Inside Northeast India’s biggest media empire: Himanta Biswa Sarma’s journey with Pride East

Unravelling the ownership of Pride East and the Sarma family’s grip on ‘news’.

WrittenBy:Pratyush Deep
Date:
Riniki Bhuyan Sarma and Himanta Biswa Sarma with the Pride East logo.

On January 18, as the Congress party’s Bharat Jodo Nyay Yatra passed through Assam, Rahul Gandhi addressed a public gathering in Jorhat. 

“The chief minister of Assam is the most corrupt CM in India,” he said about Assam CM Himanta Biswa Sarma. “He can teach other BJP CMs to commit corruption.” Nettled, Sarma hit back that the Gandhis were the “most corrupt family in India”.

The next day, the front page of Niyamiya Barta, a leading Assamese daily, bubbled with sensationalistic fervour. “Gandhi family is the most corrupt family in the country,” its headlined declared, the report detailing every single thing Sarma had said, including that the Congress party had “bombed” Aizawl. 

The front page also claimed Gandhi’s yatra “caused chaos”, that it was actually a “miya yatra”, and that “justice” must be sought for Ankita Dutta, a former Congress leader who was expelled last year for “anti-party” activities.

Yet while Niyamiya Barta meticulously chronicled Sarma’s fiery retorts and issues plaguing the yatra, conspicuous by its absence was Gandhi’s initial allegations of corruption against the chief minister. It also skipped anything about the yatra that wasn’t critical or condemnatory. 

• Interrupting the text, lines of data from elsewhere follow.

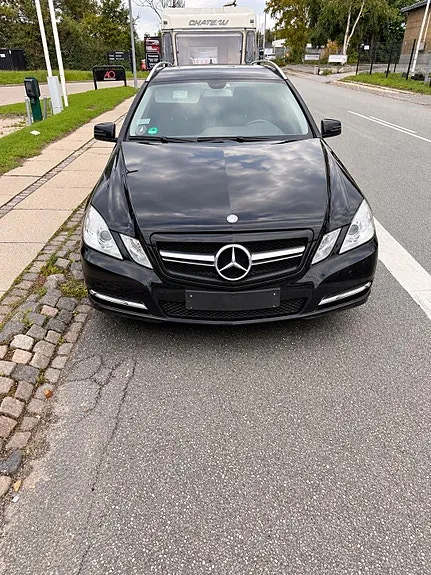 Mercedes-Benz E200 2013 photo 3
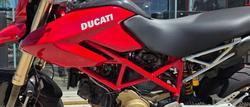 2007 DUCATI HYPERMOTARD 1100 RED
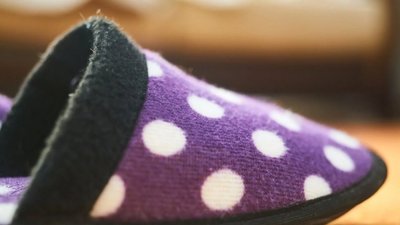 На Львівщині матір оштрафували за побиття дітей капцем по сідницях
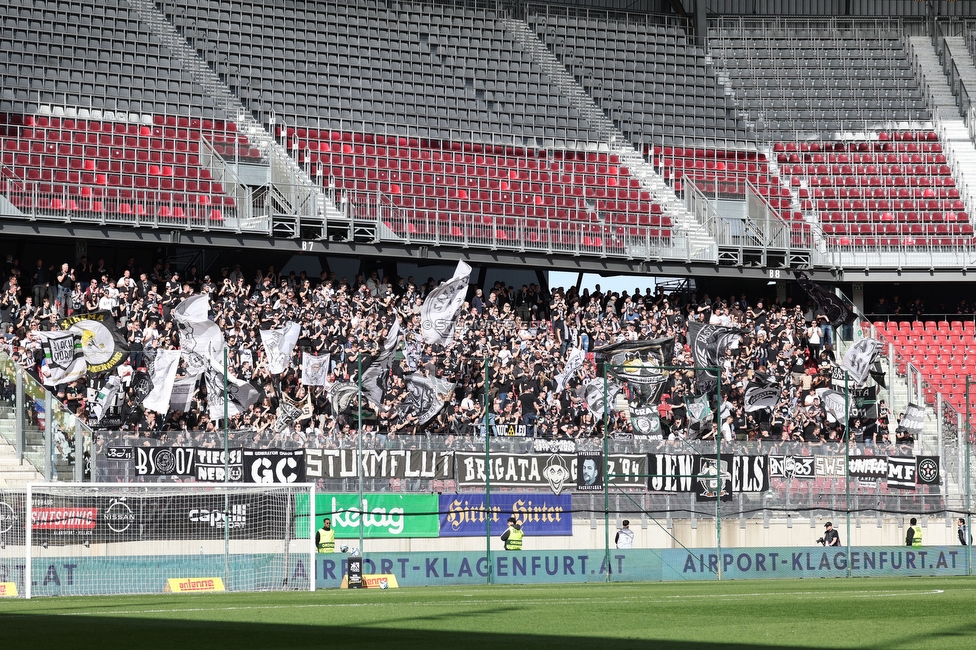 Austria Klagenfurt - Sturm Graz
Oesterreichische Fussball Bundesliga, 23. Runde, SK Austria Klagenfurt - SK Sturm Graz, Wörthersee Stadion Klagenfurt, 17.03.2024. 

Foto zeigt Fans von Sturm
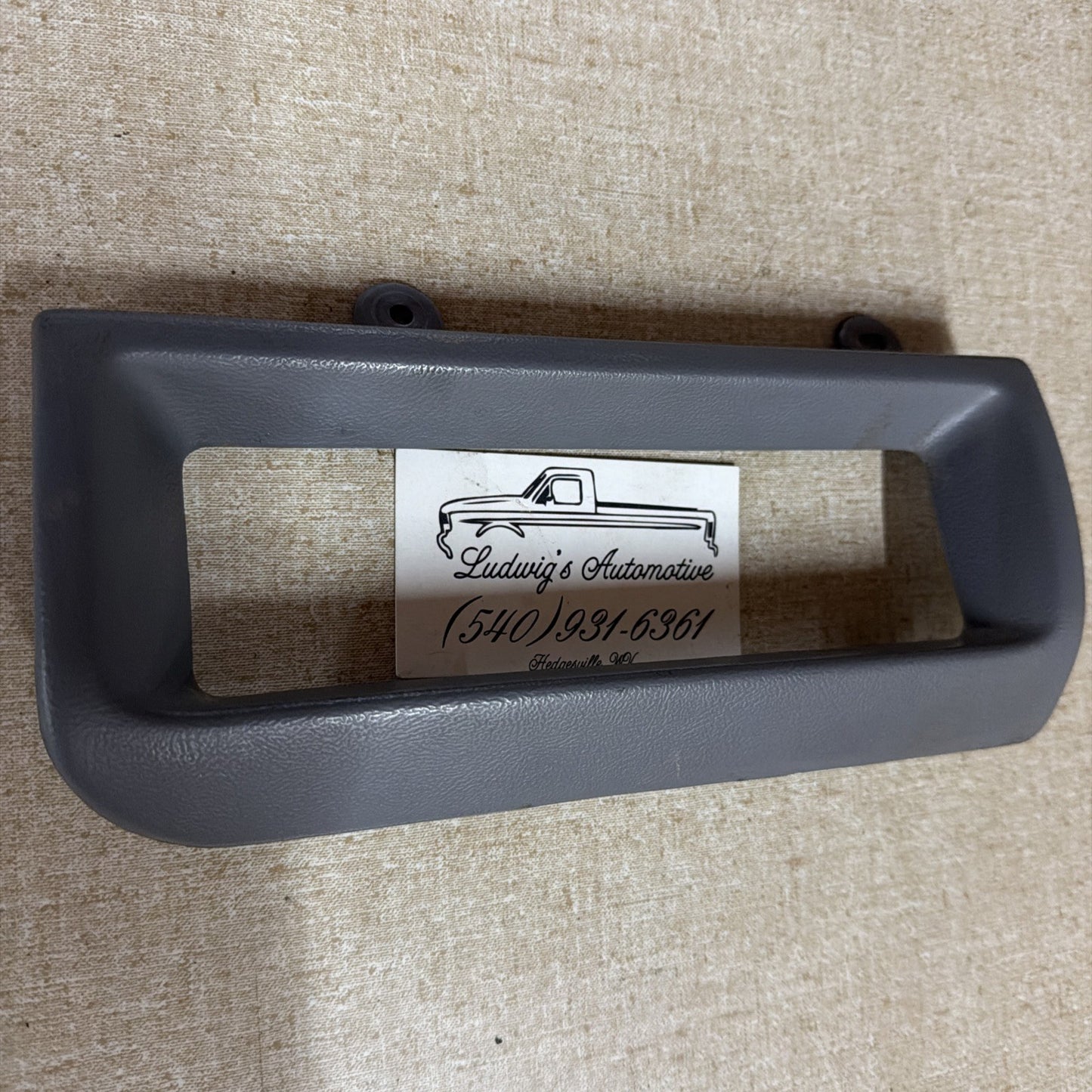 1992-1996 Ford F150 F250 F350 Bronco LIGHT Gray Climate Control Trim Bezel OEM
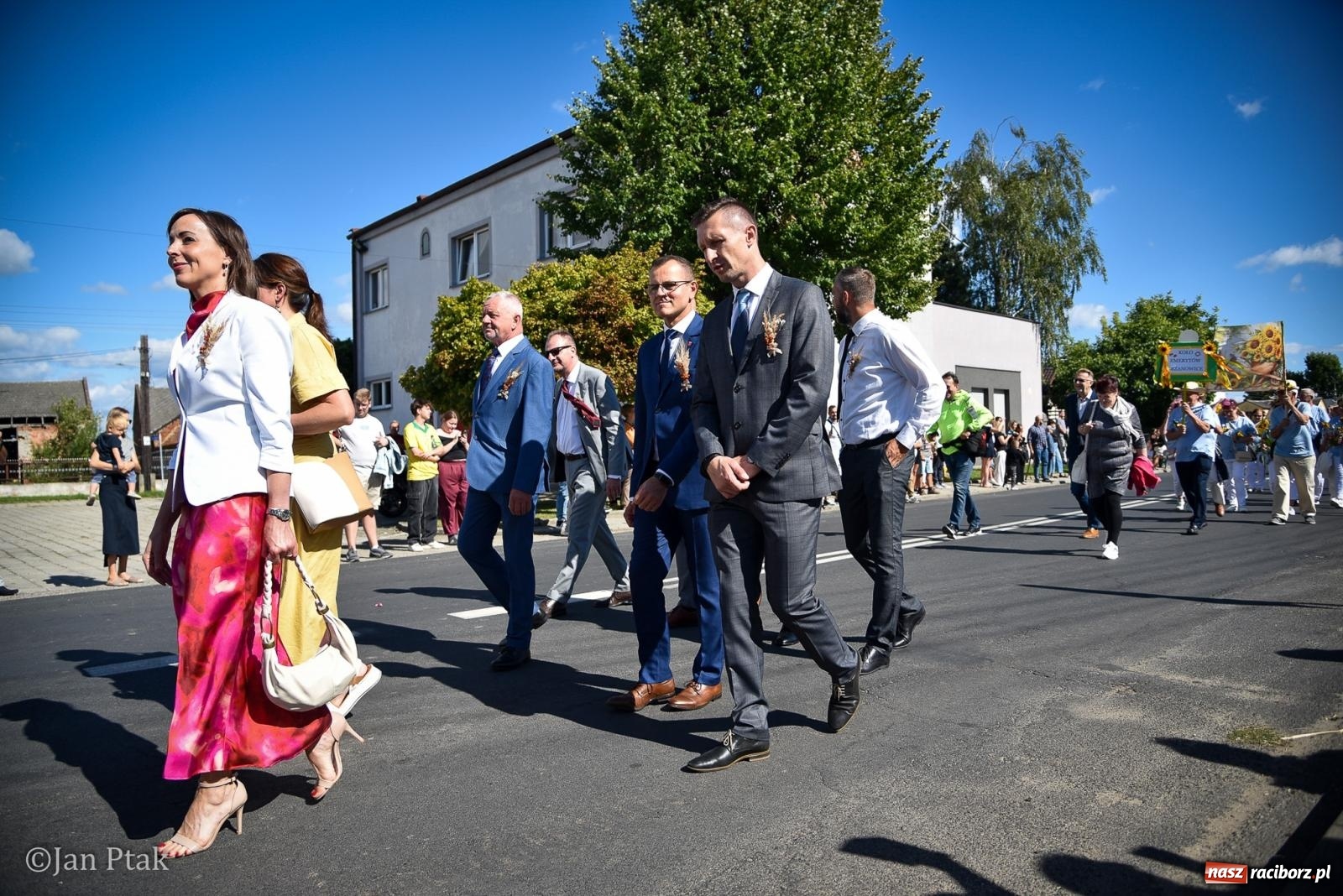 Zdjęcie w galerii na portalu naszraciborz.pl: Dożynki gminy Krzanowice w Wojnowicach. Za nami uroczysty korowód [FOTO i WIDEO] wiadomości z regionu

But to those familiar with Assam’s media scene, the newspaper’s tendencies towards selective reporting – dubbed “omission and promotion” by those in the know – isn’t surprising, given its affiliations with a media conglomerate owned by the CM’s family. 

That conglomerate is Pride East Entertainment Private Ltd, first established as a satellite news channel in 2008. Its chairman is Sarma’s wife, Riniki Bhuyan Sarma, and the company now boasts at least two news channels, three entertainment channels, one news portal, several magazines, and newspaper Niyamiya Barta.

And Pride East is at the top of the media game in Assam. Its Assamese-language news channel, News Live, is the state’s most-watched satellite channel, according to data from BARC. Last May, Pride East acquired Time 8, a regional news portal.

So, is a media empire propping Sarma up? How deeply is he connected to the company?

Newslaundry sent questionnaires to Pride East and the CM’s office This report will be updated if they respond. We also repeatedly contacted Riniki Bhuyan Sarma through her personal assistant but did not get an appointment to meet her. 

Intertwined journeys of Sarma and News Live

News Live launched in 2008 when Sarma was a Congress leader who was considered a close confidante of then CM Tarun Gogoi, holding several important portfolios in the state cabinet. At the time, the top news channel in Assam was Northeast TV, or NE TV, owned by former Congress leader Matang Sinh. It was the only satellite channel in the region.

But then News Live came along as NE TV’s first competitor. It was widely considered to take a pro-Congress stance in Assam. Atanu Bhuyan, a director at Pride East who is close to the Sarma family, was installed as its editor-in-chief with the task of establishing a “professional news channel” in Assam.